## Sunday, December 29, 2013

### Meditating... on Chaos

Food for thought… an interesting passage from chapter 85 (on chaos theory, also known as "bifurcation theory") of Richard Elwes' "Math In 100 Key Breakthroughs" (pgs. 345-7):
"How can one produce a random number? In the late 1940's, John von Neumann proposed a very strange answer to that question.  He suggested that applying a simple algebraic rule a few times should do the job. The rule is to begin with some number, call it x, and then multiply x by (1 - x), and multiply the result by 4. That is to say: x --> 4 X x X (1 - x).
"There does not seem to be anything especially 'random' about this bit of algebra. Once the initial number is chosen, say x = 0.1, the result of applying the rule is then completely predetermined. But a little experimentation reveals von Neumann's insight. The sequence produced by this rule runs: 0.1, 0.36, 0.9216, 0.2890, 0.8219, 0.5854, 0.9708, and so on (each number given to 4 decimal places). There does not seem to be much of a pattern here, and in fact that is no illusion. You can extend the sequence for as long as you like and in fact no pattern will emerge. Someone who did not know the rule being used would find it virtually impossible to distinguish between this sequence and one produced by a genuinely random physical process such as radioactive decay."…

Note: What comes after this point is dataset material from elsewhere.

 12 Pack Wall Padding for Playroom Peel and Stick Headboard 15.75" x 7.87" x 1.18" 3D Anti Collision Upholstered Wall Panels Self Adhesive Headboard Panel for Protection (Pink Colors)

"Today, von Neumann's rule is known as the logistic map, and it is one of the simplest examples of mathematical chaos, a phenomenon which has been recognized in many different situations…."

"In von Neumann's pseudorandom number generator, everything rests on the number 4, known as the parameter. Changing that value completely alters the behavior of the system. If one replaces 4 with a new parameter of 2, the logistic map ceases to be chaotic. Instead, for any starting value, the sequence will quickly home in on a fixed value of 0.5. This is known as an attracting point of the system.
"Increase the parameter from 2 to 3.4, and something new occurs. After a while, the sequence will endlessly flicker back and forth between two values around 0.84 and 0.45. This is known as an attracting 2-cycle. Raise the parameter a little higher to 3.5, and this is replaced with an attracting 4-cycle, and then at 3.55, an attracting 8-cycle, and so on. As the parameter increases, the length of the attracting cycle keeps doubling 15, 32, 64, and so on. This behavior is what chaos theorists call a sequence of bifurcations."
He goes on to explain that the bifurcations end once the parameter hits a certain threshold value known as the Feigenbaum point (named after chaos theorist Mitchell Feigenbaum). Beyond that point (like "4" in the example) the produced sequence will act chaotically forever, producing the famous "butterfly effect" whereby two sequences beginning at only slightly different starting values "end up entirely unrecognizable from each other."